How to complete this task |
Reproduce all the data exactly, without pictures.

Exercise data |
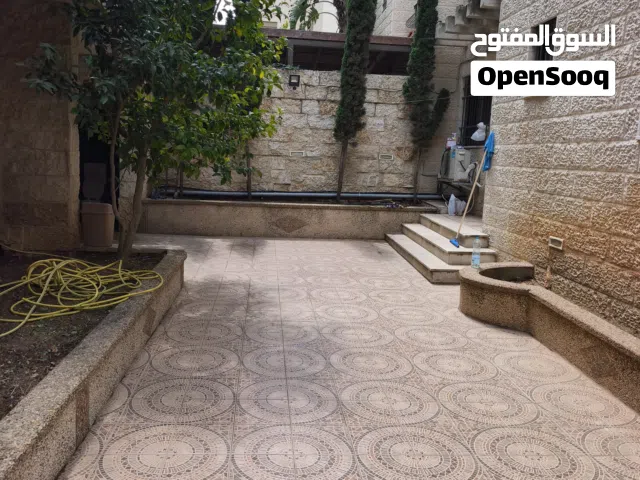 استوديو ارضي مدخل خاص حديقة خارجية  غرفة نوم صالة مطبخ حمام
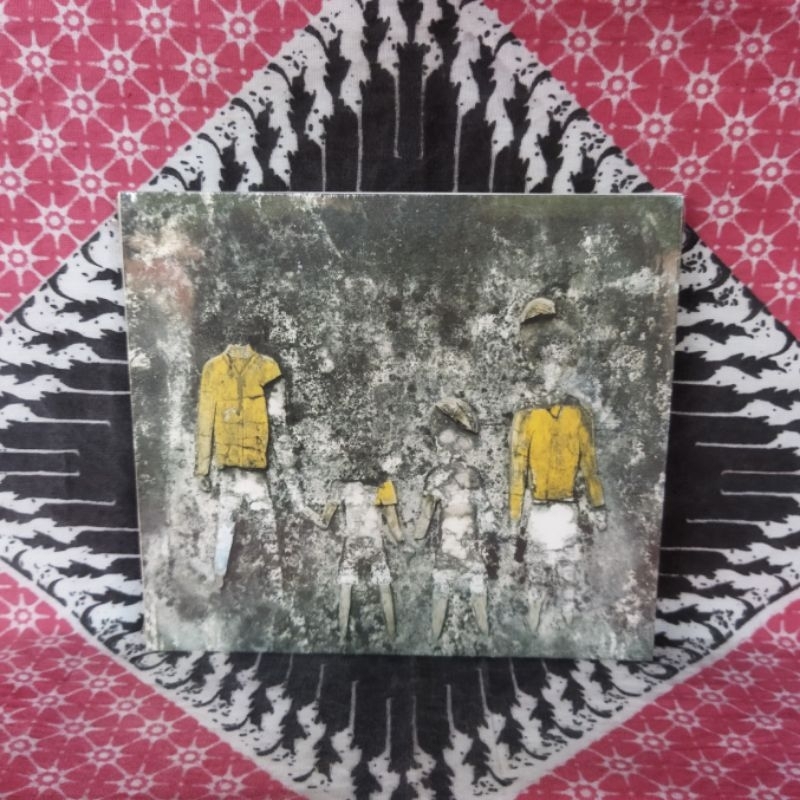 CD Melancholic Bitch - NKKBS bagian pertama - Majelis Lidah Berduri - Segel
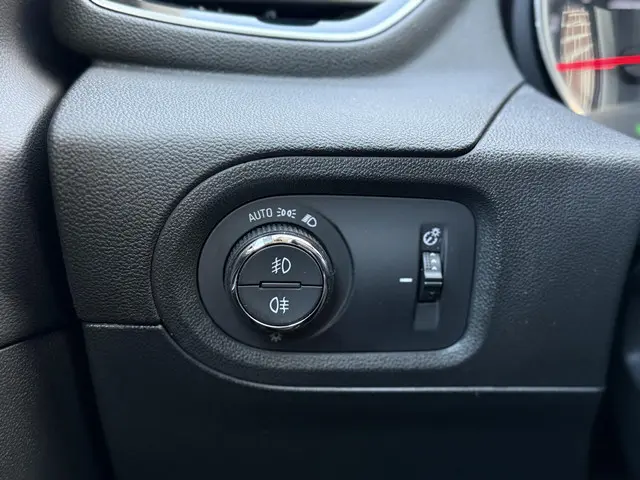 Opel Grandland X 1.2 Turbo Ultimate 2019 Benzine 33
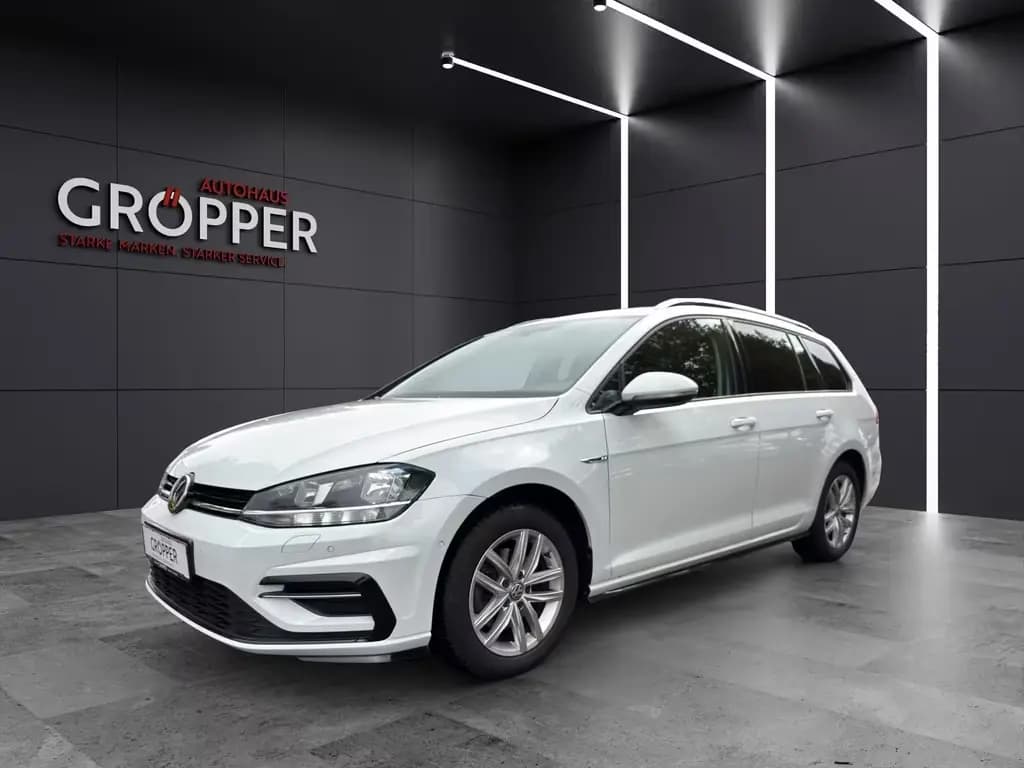 Main__Slider__Photo:Volkswagen Golf VII 2.0 TDI Comfortline (EURO 6d-TEMP) 09/2020-0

Response area |
 استوديو ارضي مدخل خاص حديقة خارجية  غرفة نوم صالة مطبخ حمام
 CD Melancholic Bitch - NKKBS bagian pertama - Majelis Lidah Berduri - Segel
 Opel Grandland X 1.2 Turbo Ultimate 2019 Benzine 33
 Main__Slider__Photo:Volkswagen Golf VII 2.0 TDI Comfortline (EURO 6d-TEMP) 09/2020-0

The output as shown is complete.